Слогу Романа Шойхета свойственно подробное, обстоятельное изложение мысли как результат его наблюдательности, внимательного, углубленного взгляда на мир. Он замечает  любую травинку у дороги - «малоезженного летника, колеи которого поросли уже пожухлым подорожником и муравой».

Некоторое время Роману Самойловичу довелось возглавлять Областное литературное объединение, о дальнейшем развитии которого он мечтал. Он надеялся на открытие в Биробиджане самостоятельного издательства, на возвращение еврейского театра. Биробиджанцам памятны публицистические статьи писателя о проблеме возрождения идиша и еврейских традиций в автономии.

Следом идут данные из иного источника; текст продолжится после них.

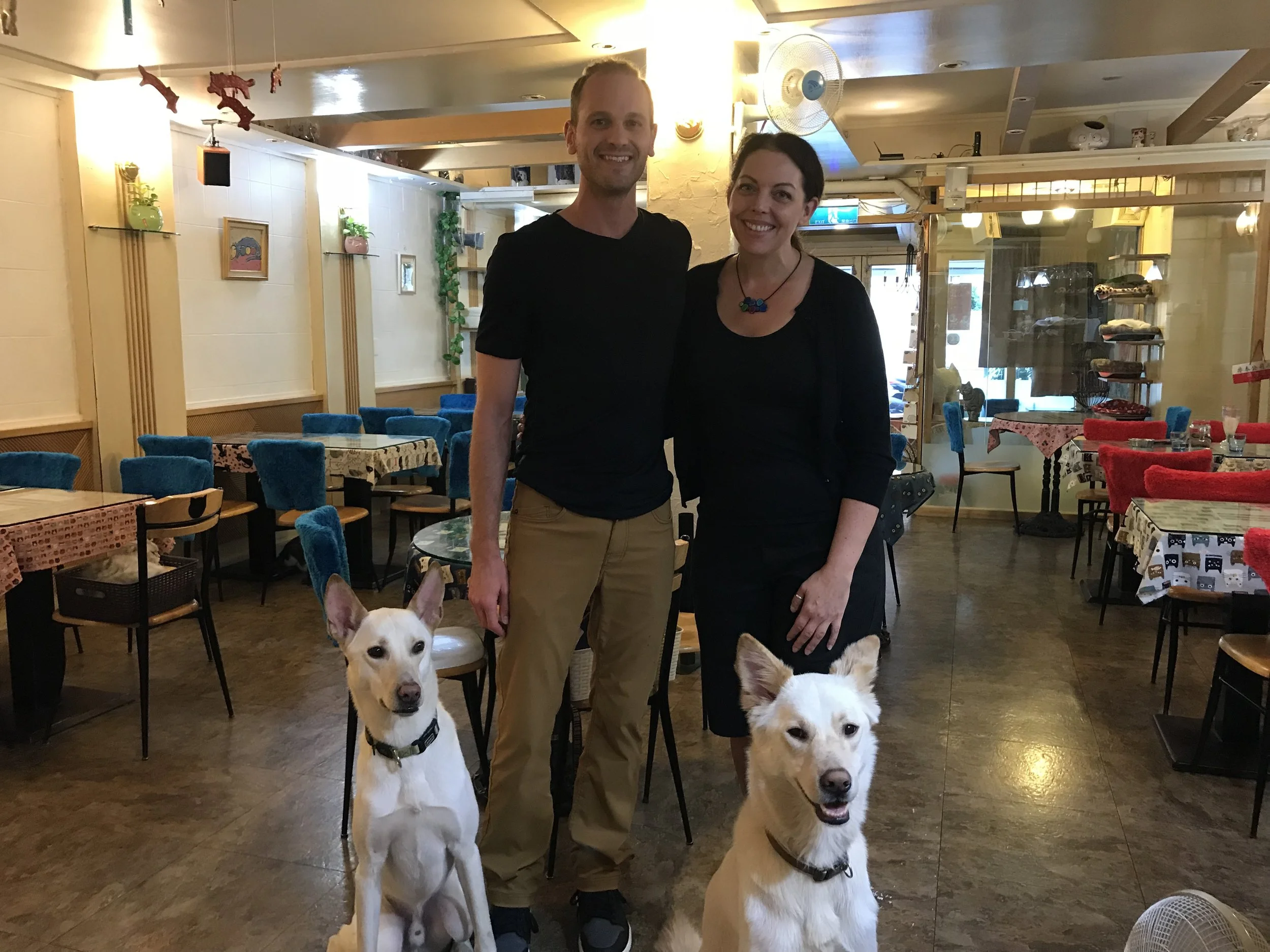 Kittengardencoffee-41.jpg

В канун 1993 года Шойхет заканчивает свои мемуарные повествования. Мог ли он предположить, что 1993-й будет последним годом его жизни, и  уже в апреле газеты напечатают некрологи?.. В предисловии к своим мемуарам он рассуждал: «В подобных моему случаю говорят, что человек, мол, подвел итог своей жизни. Я не собирался подводить итог своим прожитым годам. Просто за прошедшее время в памяти отпечаталось много различных фактов, историй, происшествий, так много образов интересных, хоть и малоизвестных людей, что все это буквально начало давить на меня, просясь на бумагу».

 Шойхет был знаком  со многими известными людьми, но не о них он берется вспоминать на своих страницах: «Среди моих знакомых Юрий Левитанский, Яков Козловский, Иосиф Бург, Марк Разумный и многие другие. Но мне хочется поведать здесь о простых людях, которые ничем себя не прославили, разве только тем, что в поте лица своего добывали себе хлеб насущный и трудом своим кормили тысячи. Я желаю, чтобы получился не приукрашенный рассказ о колхозниках, сельских механизаторах и учителях, рядовых журналистах и деревенских врачах».

Всегда ли понимали и принимали его читатели и критики? В 1998 году в одной из местных газет, на первый взгляд, теплой статье,  посвященной Шойхету, автор пишет: «Неужели и он был заражен бытовавшей в советский период конъюнктурой – писать о «простых советских людях-тружениках»? Нельзя ничего написать о «простых» людях. Нечего о них писать, если не высасывать нечто из пальца и не придумывать им героические характеры. Нет судьбы – нет человека. Нет поступков – нет личности. Нет сложного характера – нет героя. Это же аксиома».

 Тогда Романа Самойловича уже не было в живых, и он не мог поспорить с этим залихватским утверждением. Но все его творчество напрочь опровергает слова чрезмерно самоуверенного критика. Пожалуй, в одном тот был прав: в непростое время нам довелось жить. В предисловии к произведению «Жизнь - мост вдоль реки» Роман Шойхет дает оценку своему времени: «Мы живем нынче в очень трудное, я бы сказал, парадоксальное и во многом фальшивое время, однако любопытное своей непредсказуемостью».